Multi-class Classification

Machine Learning
AI Engineering
Strategies for multi-class classification using logistic regression, including preprocessing, modeling, and evaluation.
Author

DOSSEH Ameck Guy-Max Désiré

Published

September 5, 2025

Estimated reading time: ~30 minutes

Multi-class Classification

Objectives

  • Understand one-hot encoding for categorical variables
  • Implement logistic regression for multi-class classification using One-vs-All (OvA) and One-vs-One (OvO) strategies
  • Evaluate model performance using appropriate metrics

Dataset

Obesity Risk Prediction dataset from UCI Library. The dataset contains 17 attributes and 2,111 samples.

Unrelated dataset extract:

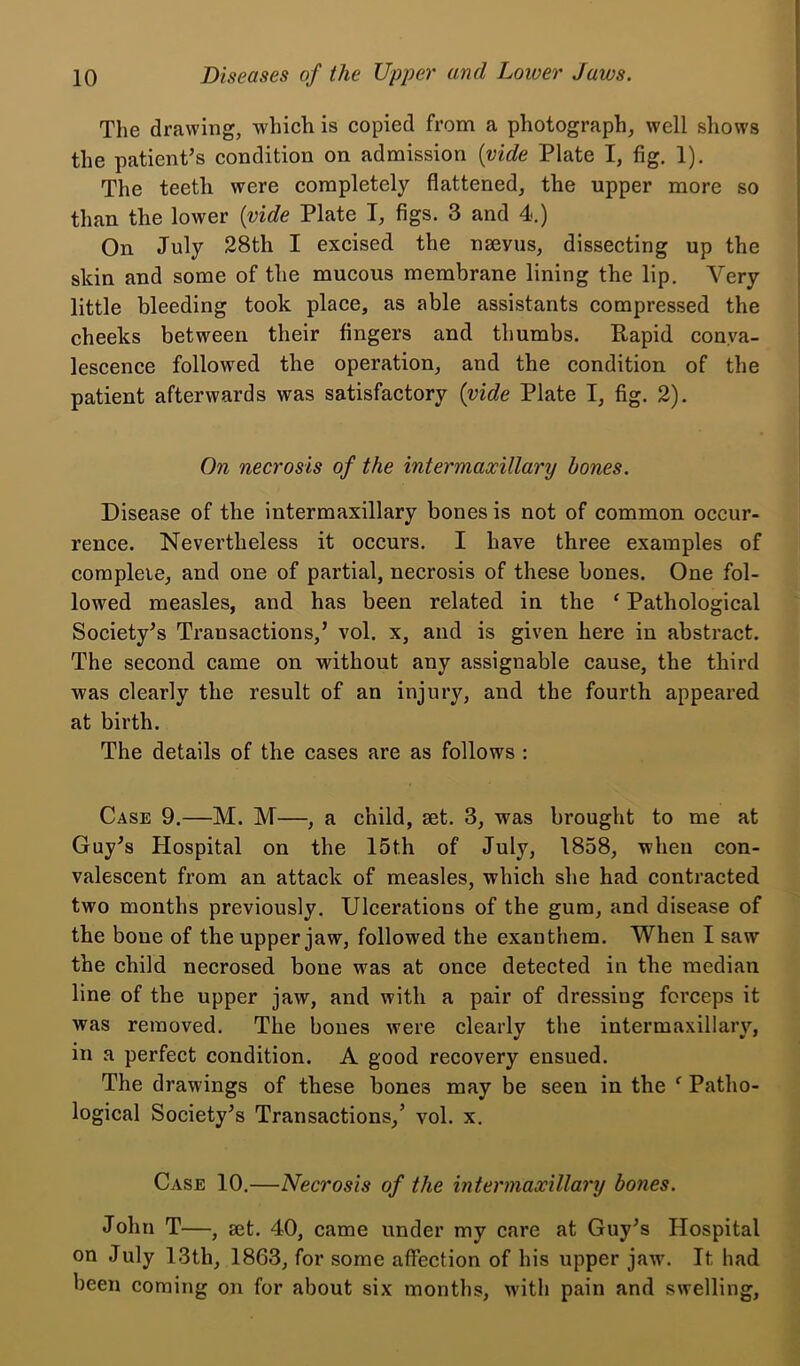 The drawing, which is copied from a photograph, well shows the patient’s condition on admission {vide Plate I, fig. 1). The teeth were completely flattened, the upper more so than the lower {vide Plate I, figs. 3 and 4.) On July 28th I excised the nsevus, dissecting up the skin and some of the mucous membrane lining the lip. Very little bleeding took place, as able assistants compressed the cheeks between their fingers and thumbs. Rapid conva- lescence followed the operation, and the condition of the patient afterwards was satisfactory {vide Plate I, fig. 2). On necrosis of the intermaxillary hones. Disease of the intermaxillary bones is not of common occur- rence. Nevertheless it occurs. I have three examples of compleie, and one of partial, necrosis of these bones. One fol- lowed measles, and has been related in the ‘ Pathological Society’s Transactions,’ vol. x, and is given here in abstract. The second came on without any assignable cause, the third was clearly the result of an injury, and the fourth appeared at birth. The details of the cases are as follows : Case 9.—M. M—, a child, set. 3, was brought to me at Guy’s Hospital on the 15th of July, 1858, when con- valescent from an attack of measles, which she had contracted two months previously. Ulcerations of the gum, and disease of the bone of the upper jaw, followed the exanthem. When I saw the child necrosed bone was at once detected in the median line of the upper jaw, and with a pair of dressing forceps it was removed. The bones were clearly the intermaxillaiy, in a perfect condition. A good recovery ensued. The drawings of these bones may be seen in the ^ Patho- logical Society’s Transactions,’ vol. x. Case 10.—Necrosis of the intermaxillary bones. John T—, set. 40, came under my care at Guy’s Hospital on July 13th, 1863, for some affection of his upper jaw\ It had been coming on for about six months, w'itlj pain and swelling,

The attributes of the dataset are descibed below.
Variable Name Type Description
Gender Categorical
Age Continuous
Height Continuous
Weight Continuous
family_history_with_overweight Binary Has a family member suffered or suffers from overweight?
FAVC Binary Do you eat high caloric food frequently?
FCVC Integer Do you usually eat vegetables in your meals?
NCP Continuous How many main meals do you have daily?
CAEC Categorical Do you eat any food between meals?
SMOKE Binary Do you smoke?
CH2O Continuous How much water do you drink daily?
SCC Binary Do you monitor the calories you eat daily?
FAF Continuous How often do you have physical activity?
TUE Integer How much time do you use technological devices such as cell phone, videogames, television, computer and others?
CALC Categorical How often do you drink alcohol?
MTRANS Categorical Which transportation do you usually use?
NObeyesdad Categorical Obesity level

Preprocessing

import pandas as pd
import numpy as np
import matplotlib.pyplot as plt
import seaborn as sns
from sklearn.model_selection import train_test_split
from sklearn.preprocessing import OneHotEncoder, StandardScaler
from sklearn.linear_model import LogisticRegression
from sklearn.multiclass import OneVsOneClassifier
from sklearn.metrics import accuracy_score
import warnings
warnings.filterwarnings('ignore')

file_path = "https://cf-courses-data.s3.us.cloud-object-storage.appdomain.cloud/GkDzb7bWrtvGXdPOfk6CIg/Obesity-level-prediction-dataset.csv"
data = pd.read_csv(file_path)

Exploratory Data Analysis (EDA)

# Distribution of target variable
sns.countplot(y='NObeyesdad', data=data)
plt.title('Distribution of Obesity Levels')
plt.show()

Feature Scaling and Encoding

continuous_columns = data.select_dtypes(include=['float64']).columns.tolist()
scaler = StandardScaler()
scaled_features = scaler.fit_transform(data[continuous_columns])
scaled_df = pd.DataFrame(scaled_features, columns=scaler.get_feature_names_out(continuous_columns))
scaled_data = pd.concat([data.drop(columns=continuous_columns), scaled_df], axis=1)
categorical_columns = scaled_data.select_dtypes(include=['object']).columns.tolist()
categorical_columns.remove('NObeyesdad')
encoder = OneHotEncoder(sparse_output=False, drop='first')
encoded_features = encoder.fit_transform(scaled_data[categorical_columns])
encoded_df = pd.DataFrame(encoded_features, columns=encoder.get_feature_names_out(categorical_columns))
prepped_data = pd.concat([scaled_data.drop(columns=categorical_columns), encoded_df], axis=1)
prepped_data['NObeyesdad'] = prepped_data['NObeyesdad'].astype('category').cat.codes
X = prepped_data.drop('NObeyesdad', axis=1)
y = prepped_data['NObeyesdad']

Train/Test Split

X_train, X_test, y_train, y_test = train_test_split(X, y, test_size=0.2, random_state=42, stratify=y)

Modeling

One-vs-All (OvA)

model_ova = LogisticRegression(multi_class='ovr', max_iter=1000)
model_ova.fit(X_train, y_train)
y_pred_ova = model_ova.predict(X_test)
print("OvA Accuracy:", accuracy_score(y_test, y_pred_ova))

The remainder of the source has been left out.